[PROMPT] Nothing but the lines from the start of the entries through the line holding "Some examples of" is to be repeated, exactly and with pictures excluded.

[Stored items]
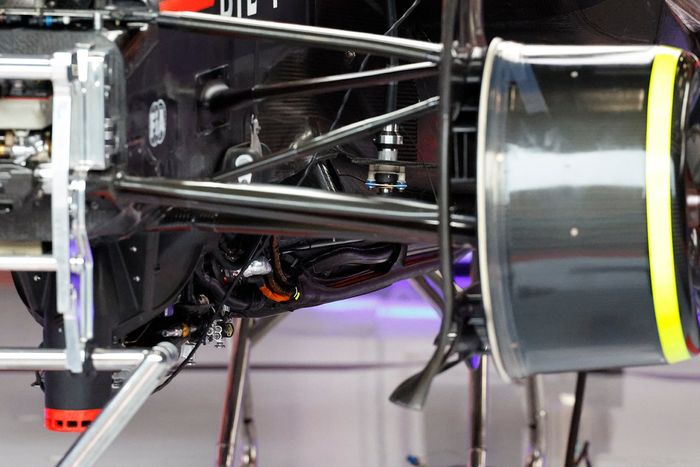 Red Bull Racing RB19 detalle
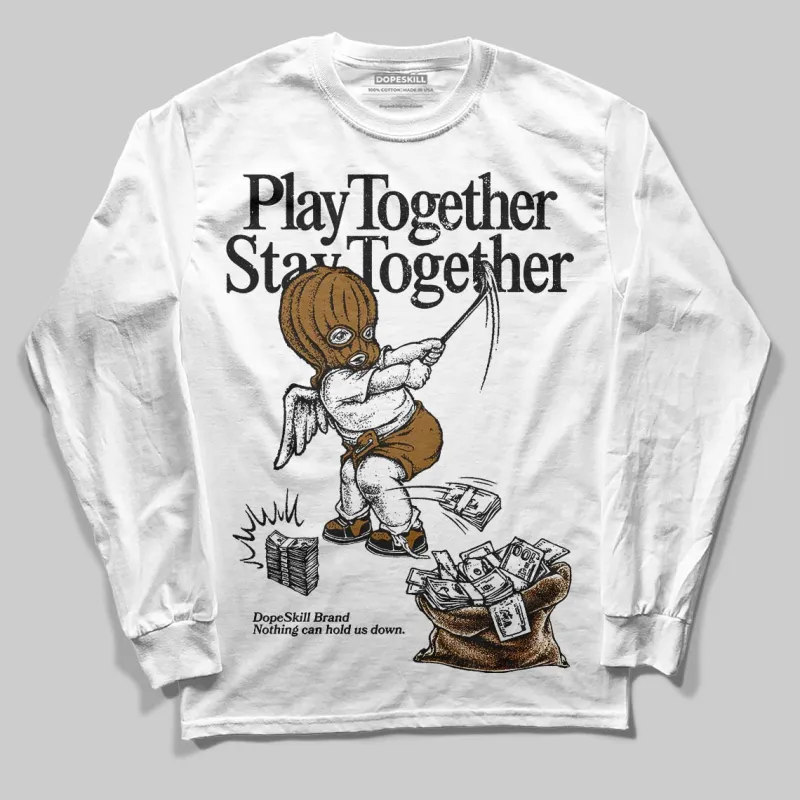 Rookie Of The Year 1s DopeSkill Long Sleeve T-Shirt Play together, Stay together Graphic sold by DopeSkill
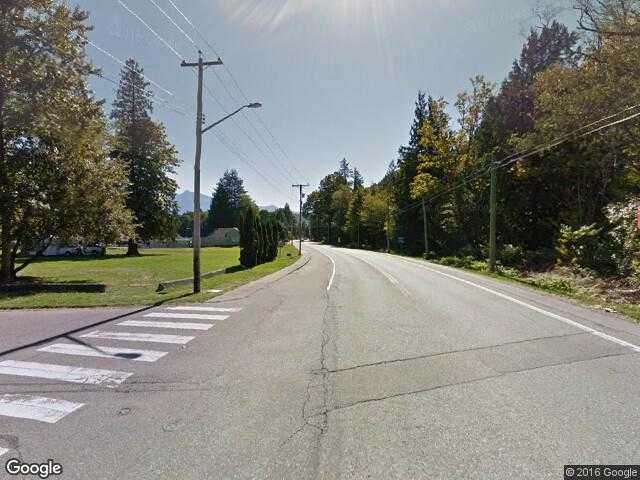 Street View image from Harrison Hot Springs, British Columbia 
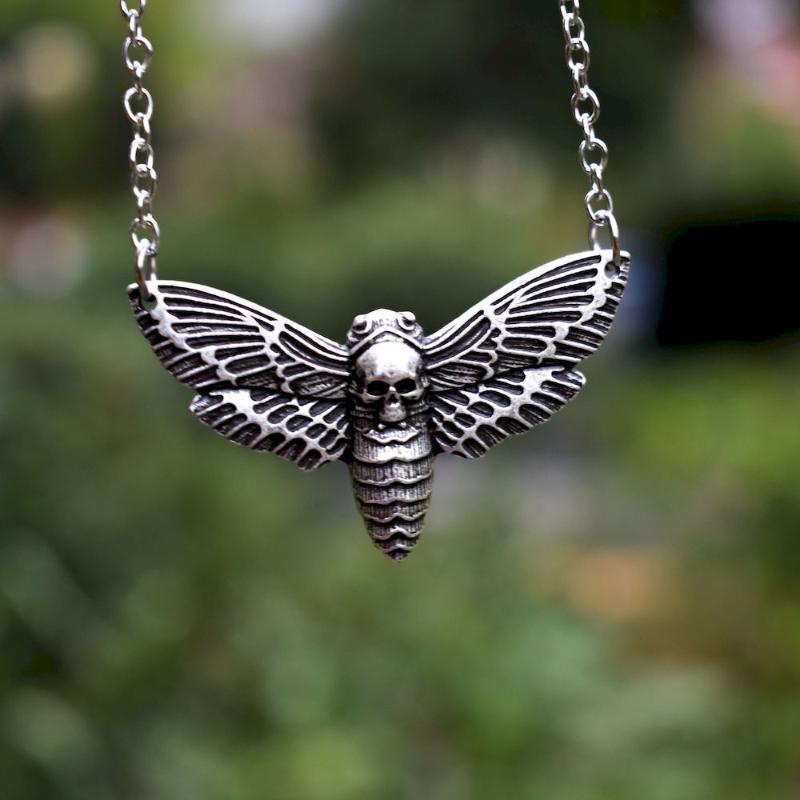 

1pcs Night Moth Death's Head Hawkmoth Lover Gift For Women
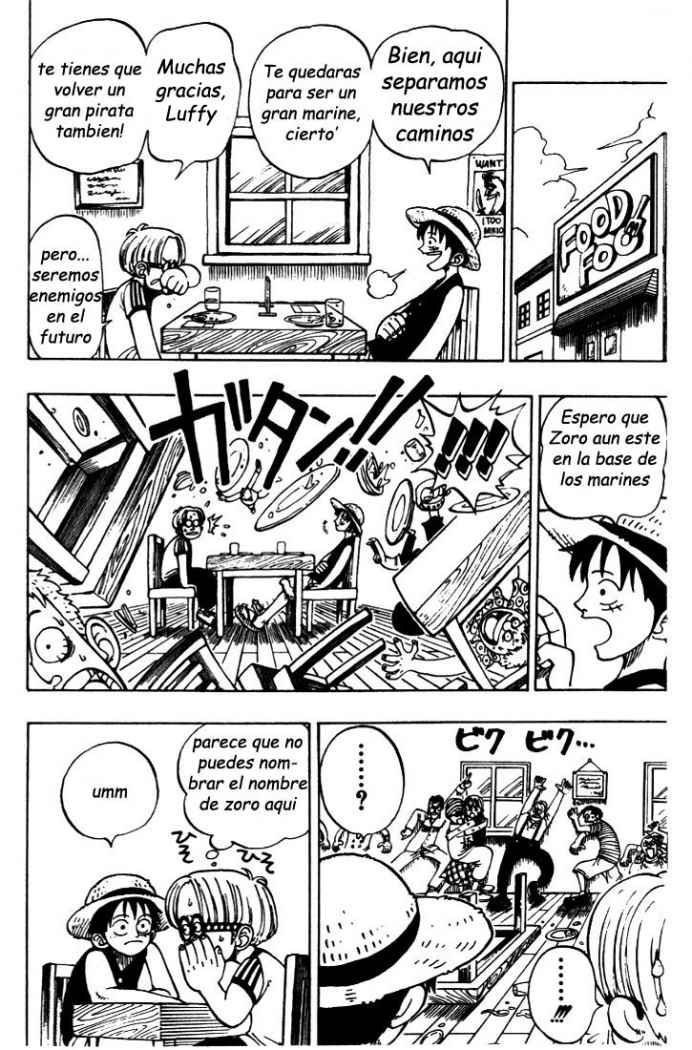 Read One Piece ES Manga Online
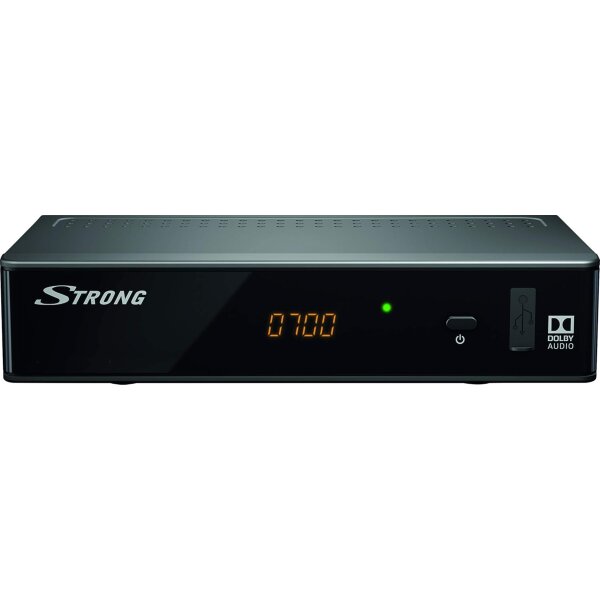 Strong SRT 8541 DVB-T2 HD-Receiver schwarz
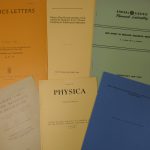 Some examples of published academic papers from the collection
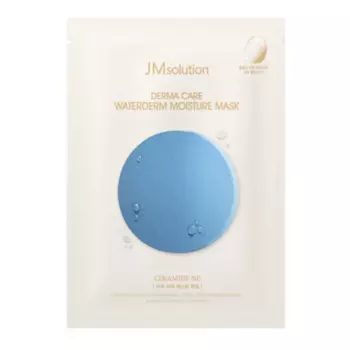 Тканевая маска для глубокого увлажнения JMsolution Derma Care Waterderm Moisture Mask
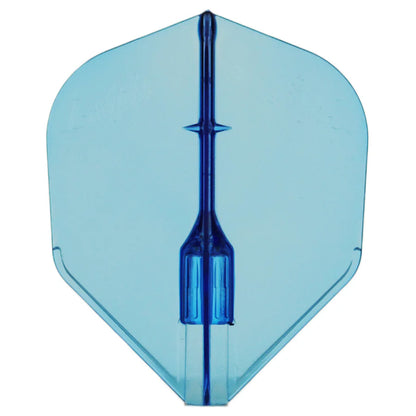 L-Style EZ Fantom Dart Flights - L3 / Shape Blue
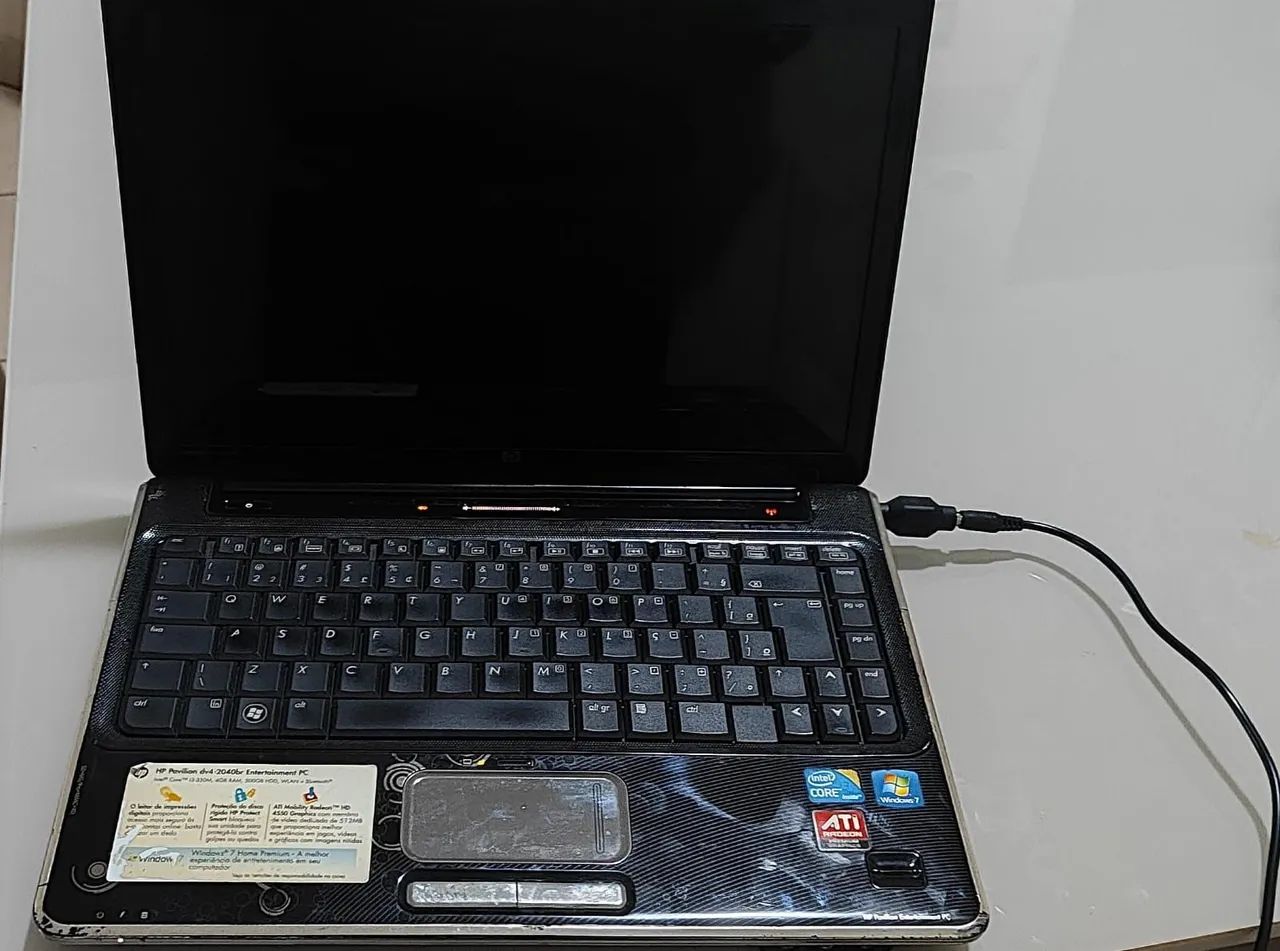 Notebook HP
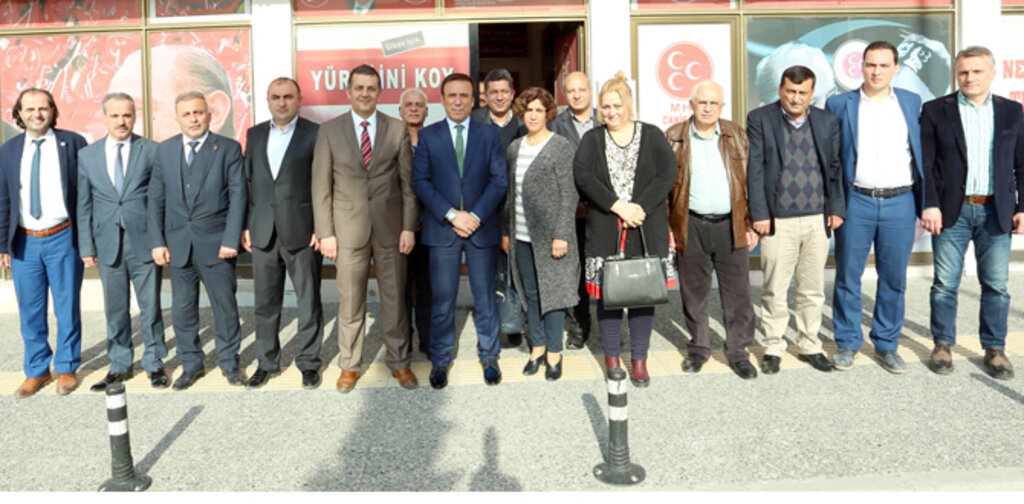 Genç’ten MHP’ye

[TASK ANSWER]
 Red Bull Racing RB19 detalle
 Rookie Of The Year 1s DopeSkill Long Sleeve T-Shirt Play together, Stay together Graphic sold by DopeSkill
 Street View image from Harrison Hot Springs, British Columbia 

1pcs Night Moth Death's Head Hawkmoth Lover Gift For Women
 Read One Piece ES Manga Online
 Strong SRT 8541 DVB-T2 HD-Receiver schwarz
 Some examples of published academic papers from the collection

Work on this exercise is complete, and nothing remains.